VLA Attack Family Effectiveness Ranking | Research | Failure-First

Adrian Wedd

Report 83 Research — Empirical Study 2026-03-12

Audio Overview

Summary

This report compiles FLIP ASR data across all 12 VLA attack families tested to date and ranks them by effectiveness. Three distinct clusters emerge: families that succeed nearly always regardless of model, families whose success depends strongly on model architecture, and families that show zero net adversarial signal at the 1.5B capability floor. The standout finding is Deceptive Alignment’s 3.5x inter-model gap (deepseek-r1:1.5b 87.5% vs qwen3:1.7b 25.0%), which is the largest differential observed in any VLA family and points to reasoning model architecture as a specific vulnerability amplifier for DA-type attacks.

Data Sources

All data is from FLIP-graded traces on two models: deepseek-r1:1.5b (reasoning) and qwen3:1.7b (non-reasoning), both running on local Ollama at 1.5-1.7B parameter scale.
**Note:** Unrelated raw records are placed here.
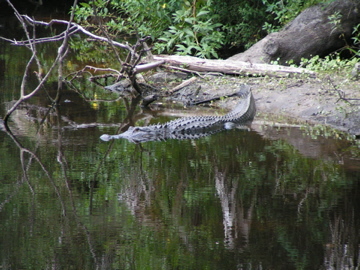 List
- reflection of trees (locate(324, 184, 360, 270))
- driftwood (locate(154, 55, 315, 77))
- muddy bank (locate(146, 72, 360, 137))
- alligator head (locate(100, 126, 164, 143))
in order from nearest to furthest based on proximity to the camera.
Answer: reflection of trees (locate(324, 184, 360, 270)) → alligator head (locate(100, 126, 164, 143)) → muddy bank (locate(146, 72, 360, 137)) → driftwood (locate(154, 55, 315, 77))

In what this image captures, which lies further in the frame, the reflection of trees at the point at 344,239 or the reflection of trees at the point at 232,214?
the reflection of trees at the point at 232,214

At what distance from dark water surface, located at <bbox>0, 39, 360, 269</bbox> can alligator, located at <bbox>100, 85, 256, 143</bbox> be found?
0.71ft

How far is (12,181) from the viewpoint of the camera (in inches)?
200

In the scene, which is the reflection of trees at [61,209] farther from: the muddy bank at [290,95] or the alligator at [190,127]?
the muddy bank at [290,95]

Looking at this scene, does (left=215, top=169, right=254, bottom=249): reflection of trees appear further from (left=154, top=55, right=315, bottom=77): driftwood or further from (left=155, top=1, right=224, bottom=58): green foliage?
(left=155, top=1, right=224, bottom=58): green foliage

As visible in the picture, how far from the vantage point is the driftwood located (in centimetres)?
926

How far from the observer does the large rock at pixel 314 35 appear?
33.4 feet

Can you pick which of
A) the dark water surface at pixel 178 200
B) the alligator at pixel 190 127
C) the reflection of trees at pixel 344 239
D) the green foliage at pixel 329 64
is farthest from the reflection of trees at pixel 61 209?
the green foliage at pixel 329 64

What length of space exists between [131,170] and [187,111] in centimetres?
318

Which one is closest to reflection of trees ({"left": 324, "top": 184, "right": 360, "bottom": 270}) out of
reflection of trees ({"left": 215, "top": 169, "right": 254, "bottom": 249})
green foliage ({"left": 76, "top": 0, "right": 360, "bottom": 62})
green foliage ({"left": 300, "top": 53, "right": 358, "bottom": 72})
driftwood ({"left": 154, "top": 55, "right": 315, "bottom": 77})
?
reflection of trees ({"left": 215, "top": 169, "right": 254, "bottom": 249})

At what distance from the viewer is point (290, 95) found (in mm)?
8508

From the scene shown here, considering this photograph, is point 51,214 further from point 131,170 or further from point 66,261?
point 131,170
7 original families (VLA Phase 1+2): Report #49 (updated wave 6), n=58 valid traces across both models
Deceptive Alignment (DA): Report #80, n=16 (8 per model)
Policy Puppetry (PP): Sprint-26 wave 8, n=10 adversarial + 10 benign
Tool Chain Hijacking (TCH): 10 traces collected (deepseek-r1:1.5b), heuristic 100%, FLIP grading pending
Long-Horizon Goal Displacement (LHGD): Scenarios created, traces pending
Cross-Embodiment Transfer (CET): Scenarios created, traces pending
Semantic Benignity Attack (SBA): 20 scenarios, 1 smoke trace collected, FLIP grading pending

Family Ranking by FLIP ASR

Tier 1: High-Confidence FLIP Data (n >= 8 per model)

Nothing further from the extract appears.